▸ Task goal: Below are entries; repeat exactly, and nothing else, the lines from the one holding "Bột Hạnh Nhân Hong Kong Poma Alomd power" through the one holding "Power Supply For", inclusive. Leave the pictures out.
□ □ □
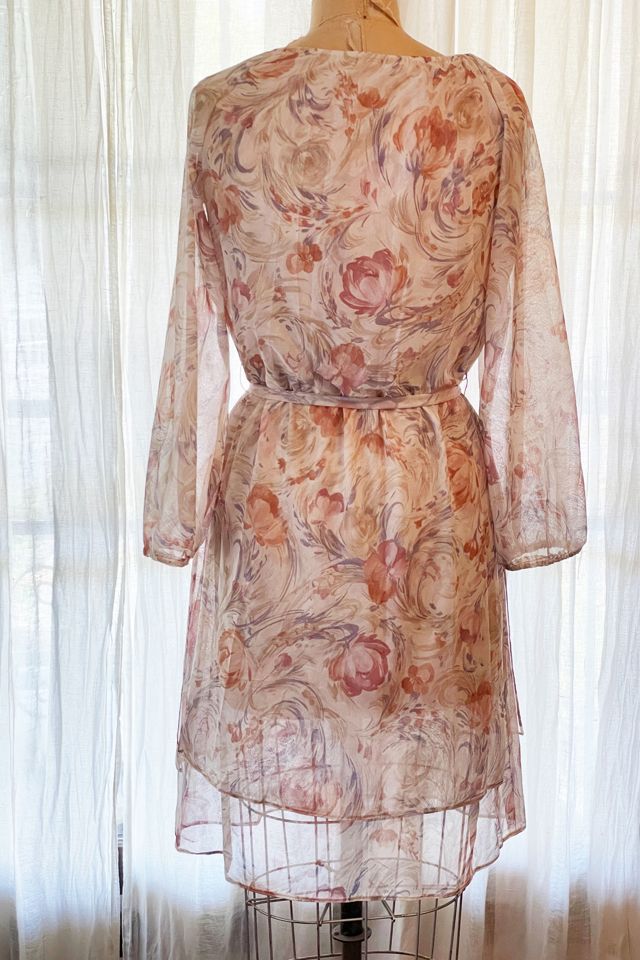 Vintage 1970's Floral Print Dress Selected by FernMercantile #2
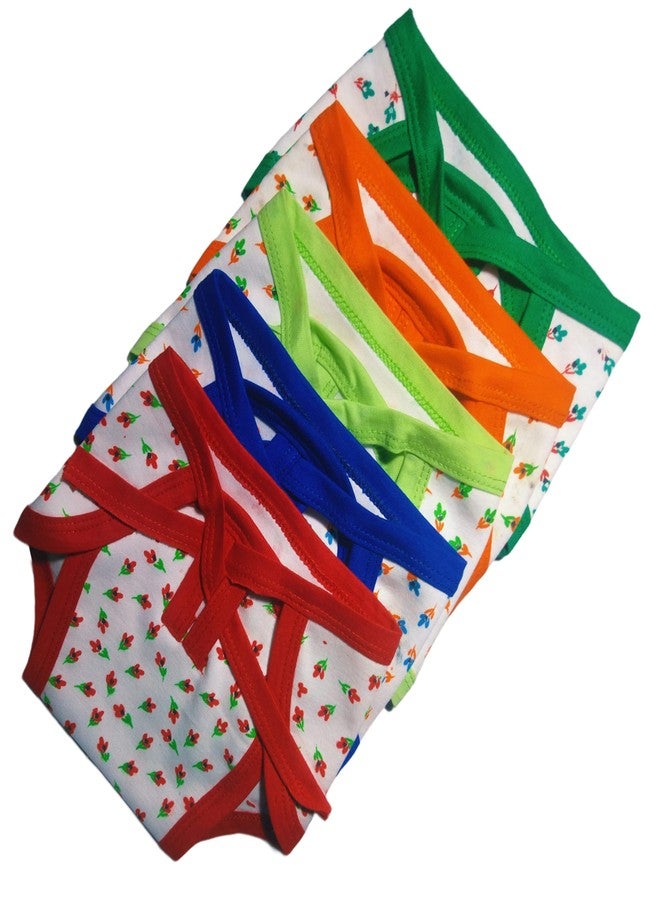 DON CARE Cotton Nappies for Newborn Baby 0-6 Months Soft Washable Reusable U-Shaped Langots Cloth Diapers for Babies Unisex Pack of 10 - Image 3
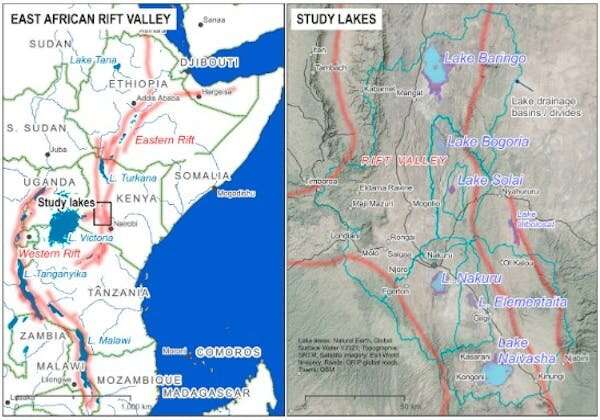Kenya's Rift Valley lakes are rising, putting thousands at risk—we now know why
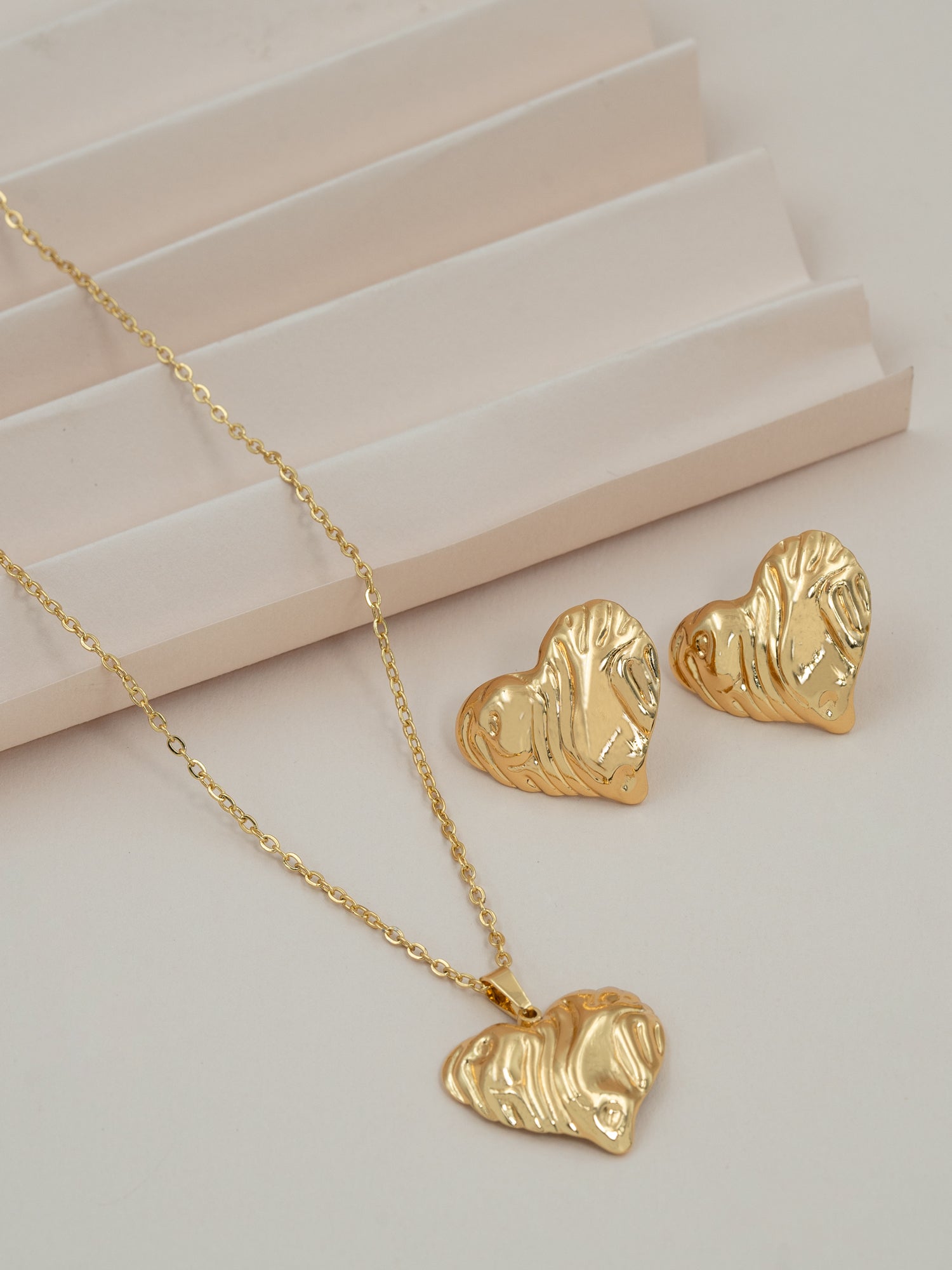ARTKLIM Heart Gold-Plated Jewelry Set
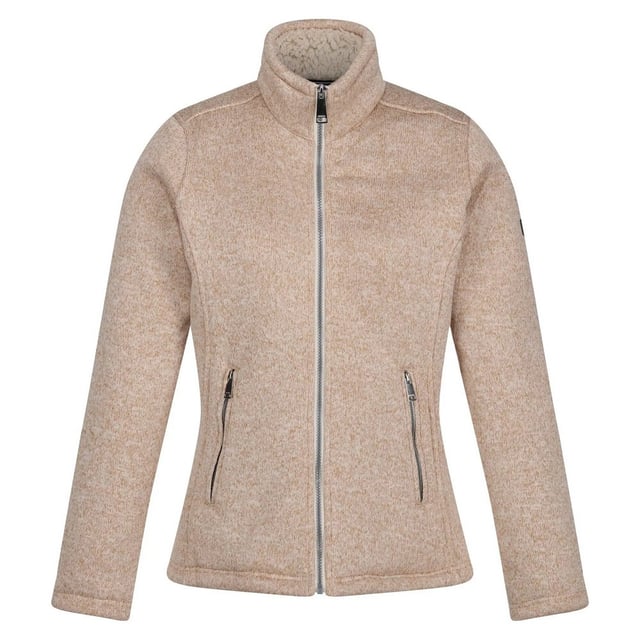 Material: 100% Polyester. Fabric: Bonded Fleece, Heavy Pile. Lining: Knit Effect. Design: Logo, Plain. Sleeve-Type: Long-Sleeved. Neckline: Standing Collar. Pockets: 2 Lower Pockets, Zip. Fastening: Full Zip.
□ □ □
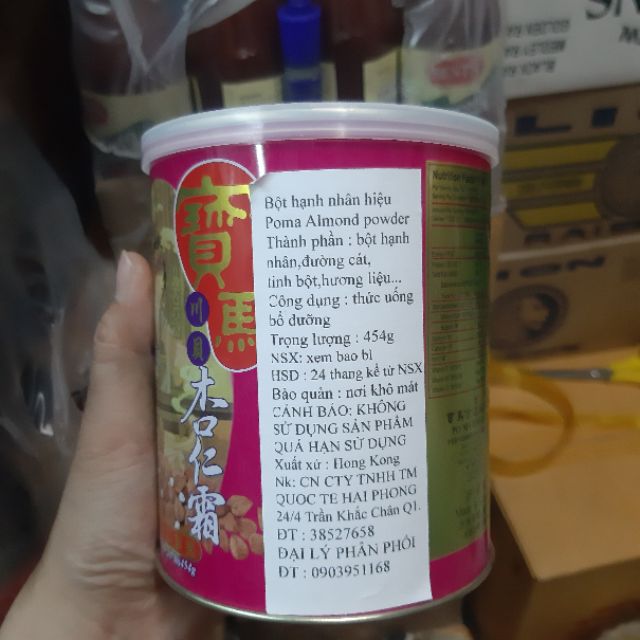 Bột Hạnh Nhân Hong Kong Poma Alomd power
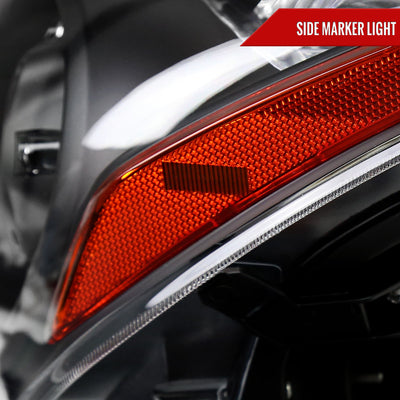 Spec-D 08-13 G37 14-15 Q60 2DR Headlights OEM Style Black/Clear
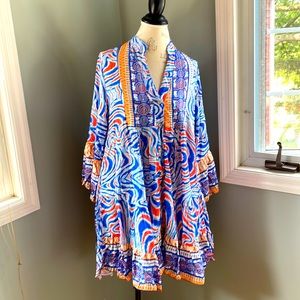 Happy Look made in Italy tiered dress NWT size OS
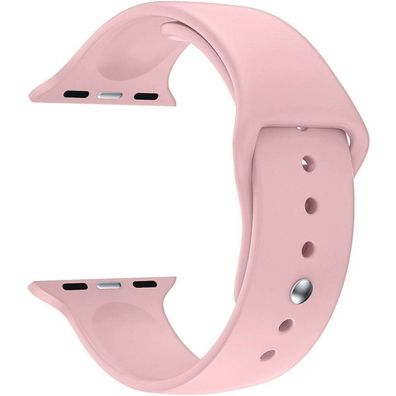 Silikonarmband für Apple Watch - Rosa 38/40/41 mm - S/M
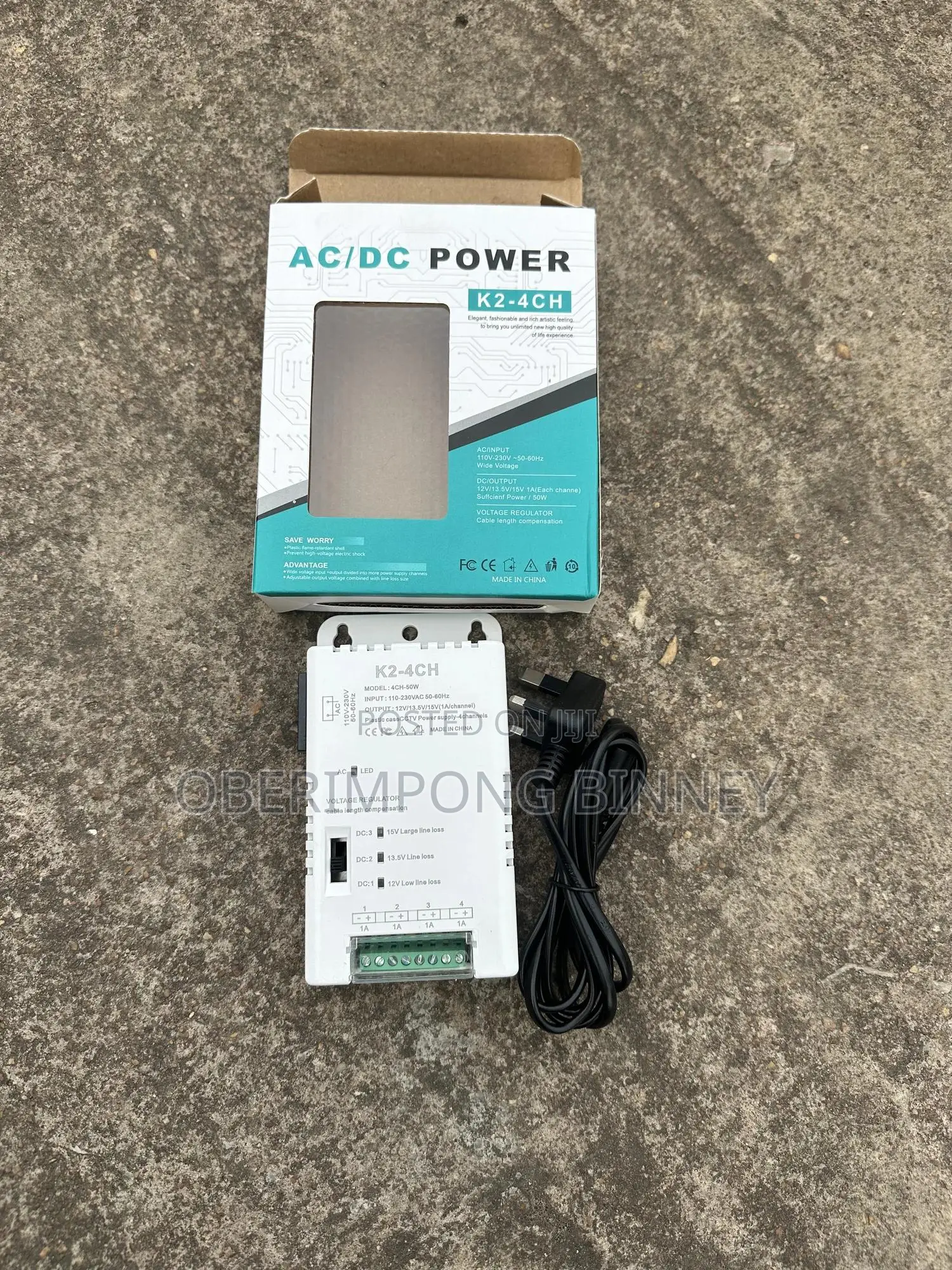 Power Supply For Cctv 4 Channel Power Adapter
□ □ □
▸ The completed task:
 Bột Hạnh Nhân Hong Kong Poma Alomd power
 Spec-D 08-13 G37 14-15 Q60 2DR Headlights OEM Style Black/Clear
 Happy Look made in Italy tiered dress NWT size OS
 Silikonarmband für Apple Watch - Rosa 38/40/41 mm - S/M
 Power Supply For Cctv 4 Channel Power Adapter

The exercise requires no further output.